Adriana Correia started as a PhD student at the Centre for Complex Systems Studies (CCSS) on 15 March 2018. She will work under the supervision of Henk Stoof and Michael Moortgat on the subject of Compositional Distributional models of Meaning. Below she briefly introduces herself.
 

Physics in Coimbra

I come from Portugal, where I did my Bachelor's in Physics in Coimbra, and then decided to come to Utrecht to pursue a Master's degree in Theoretical Physics, because it offered me the possibility to explore several of my interests in the topic.

A complexity perspective on language

For my Master’s thesis, I studied some results of game theory on a network using a statistical physics model. The research got very interesting, and I thought that it would be great to keep working within the same framework. I started thinking about what other systems interested me, and if it would be possible to study them from a complexity perspective. 

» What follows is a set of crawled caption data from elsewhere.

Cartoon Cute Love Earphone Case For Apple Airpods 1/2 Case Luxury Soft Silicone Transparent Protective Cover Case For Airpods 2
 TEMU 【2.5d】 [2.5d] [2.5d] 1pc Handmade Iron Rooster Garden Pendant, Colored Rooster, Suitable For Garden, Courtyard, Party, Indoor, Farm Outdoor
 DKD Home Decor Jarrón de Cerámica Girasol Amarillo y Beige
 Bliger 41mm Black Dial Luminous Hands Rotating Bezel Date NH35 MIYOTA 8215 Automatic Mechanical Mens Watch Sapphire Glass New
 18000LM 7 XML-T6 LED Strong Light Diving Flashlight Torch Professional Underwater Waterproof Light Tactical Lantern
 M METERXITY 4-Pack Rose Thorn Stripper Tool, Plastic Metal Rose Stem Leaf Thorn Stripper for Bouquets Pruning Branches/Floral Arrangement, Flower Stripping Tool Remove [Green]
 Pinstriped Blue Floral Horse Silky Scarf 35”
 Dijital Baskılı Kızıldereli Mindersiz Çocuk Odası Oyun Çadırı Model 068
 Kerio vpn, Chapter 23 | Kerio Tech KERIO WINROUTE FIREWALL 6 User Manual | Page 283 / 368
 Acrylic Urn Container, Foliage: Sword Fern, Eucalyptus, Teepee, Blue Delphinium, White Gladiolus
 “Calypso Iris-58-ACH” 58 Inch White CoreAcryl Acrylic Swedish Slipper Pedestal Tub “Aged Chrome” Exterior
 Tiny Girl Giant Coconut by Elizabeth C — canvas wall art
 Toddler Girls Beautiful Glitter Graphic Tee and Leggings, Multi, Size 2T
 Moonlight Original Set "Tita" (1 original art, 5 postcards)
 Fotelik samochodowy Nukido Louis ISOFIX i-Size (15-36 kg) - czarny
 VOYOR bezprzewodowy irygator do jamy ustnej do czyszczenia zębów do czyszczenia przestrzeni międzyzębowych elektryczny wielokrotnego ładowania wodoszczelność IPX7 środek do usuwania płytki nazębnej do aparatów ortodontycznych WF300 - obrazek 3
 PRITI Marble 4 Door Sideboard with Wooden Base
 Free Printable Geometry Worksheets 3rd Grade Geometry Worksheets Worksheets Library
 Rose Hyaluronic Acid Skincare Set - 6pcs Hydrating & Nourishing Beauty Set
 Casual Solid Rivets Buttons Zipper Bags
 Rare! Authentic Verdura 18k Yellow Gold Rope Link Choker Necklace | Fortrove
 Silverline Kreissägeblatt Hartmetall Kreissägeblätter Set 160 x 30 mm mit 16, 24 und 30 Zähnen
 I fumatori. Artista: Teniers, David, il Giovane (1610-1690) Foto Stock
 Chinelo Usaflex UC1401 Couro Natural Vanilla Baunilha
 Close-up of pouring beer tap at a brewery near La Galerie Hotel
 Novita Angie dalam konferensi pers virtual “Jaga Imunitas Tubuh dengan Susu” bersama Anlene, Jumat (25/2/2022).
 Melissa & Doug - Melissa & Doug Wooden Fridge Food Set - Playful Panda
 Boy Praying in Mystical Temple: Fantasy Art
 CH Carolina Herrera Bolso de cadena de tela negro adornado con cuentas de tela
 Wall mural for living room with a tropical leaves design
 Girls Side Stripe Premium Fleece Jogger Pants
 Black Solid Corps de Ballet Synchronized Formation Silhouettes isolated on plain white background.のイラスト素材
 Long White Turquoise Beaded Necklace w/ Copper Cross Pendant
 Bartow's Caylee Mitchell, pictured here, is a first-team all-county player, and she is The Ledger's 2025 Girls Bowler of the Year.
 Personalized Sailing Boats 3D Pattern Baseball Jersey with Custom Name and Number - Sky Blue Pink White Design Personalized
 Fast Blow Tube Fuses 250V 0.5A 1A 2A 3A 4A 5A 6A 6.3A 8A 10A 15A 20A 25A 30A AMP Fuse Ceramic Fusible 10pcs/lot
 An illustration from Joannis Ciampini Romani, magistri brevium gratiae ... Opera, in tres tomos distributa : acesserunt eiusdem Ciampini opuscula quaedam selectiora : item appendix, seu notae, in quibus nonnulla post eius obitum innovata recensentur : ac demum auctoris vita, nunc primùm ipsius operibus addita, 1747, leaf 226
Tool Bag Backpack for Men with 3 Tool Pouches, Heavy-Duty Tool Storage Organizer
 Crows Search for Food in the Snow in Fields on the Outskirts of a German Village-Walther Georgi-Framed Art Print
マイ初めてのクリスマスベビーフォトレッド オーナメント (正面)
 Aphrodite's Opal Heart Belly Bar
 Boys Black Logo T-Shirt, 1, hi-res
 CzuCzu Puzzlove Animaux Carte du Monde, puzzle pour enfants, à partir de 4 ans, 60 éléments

I have always liked language and its structure, so I was thrilled to find out that it was possible to study them in complex systems, and that actually other people were already doing it! I was fortunate enough to find supervisors at the Centre for Complex Systems Studies to back me up and a project that allows me to study it in connection with physics.

The meaning of sentences

My research for the Centre will focus on studying the meaning of sentences using the individual meanings of each word, which is retrieved in vector form from big data, and all the meanings are composed to give a truth value of the sentence. We want to do that with tools that have been used in physics to explain quantum processes, because there is a nice equivalence in the formalism.

My project has two main directions. One is to try to implement the fact that quantum mechanics has complex vectors into the sentence meaning, since so far all of the vectors used are real. The other one is to explore how to describe the meaning of utterances that are not finished yet, for example “Alice loves”, which involves the dynamics of the sentence formation, and can get messy for longer sentences!

I am really excited about this project and I look forward to learn a lot and apply my physics knowledge and complexity tools on such an eclectic topic!